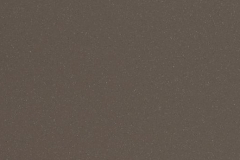 Corian - culori - New Deep Mink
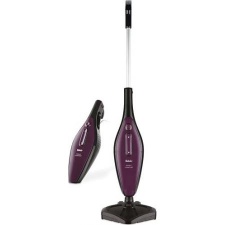 Fakir Darky Comfort Stick Vacuum Cleaner 800 W - Purple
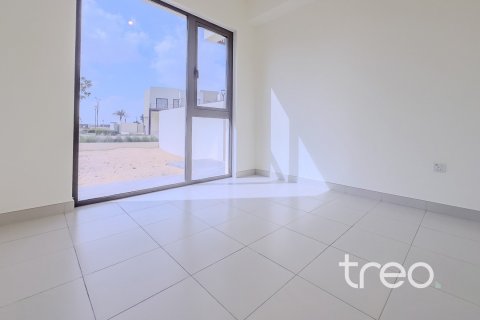 4 غرف نوم فيلا في دبي, الإمارات العربية المتحدة رقم 188063 7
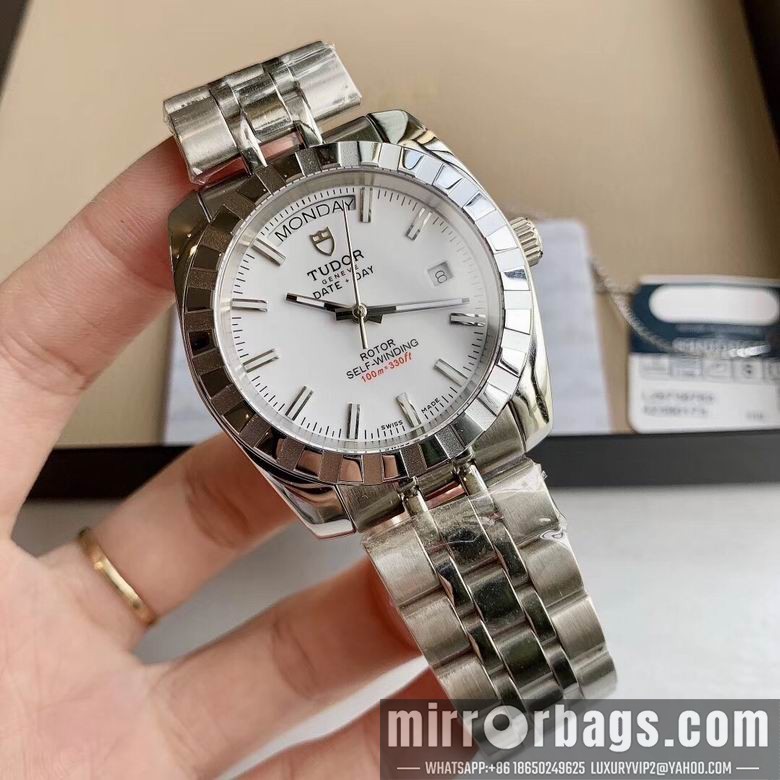 Tudor watch M26 Watch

*TASK DETAILS*: Rewrite the data above exactly as given, but omit the images.

*WRITTEN SOLUTION*:
 Corian - culori - New Deep Mink
 Fakir Darky Comfort Stick Vacuum Cleaner 800 W - Purple
 4 غرف نوم فيلا في دبي, الإمارات العربية المتحدة رقم 188063 7
 Tudor watch M26 Watch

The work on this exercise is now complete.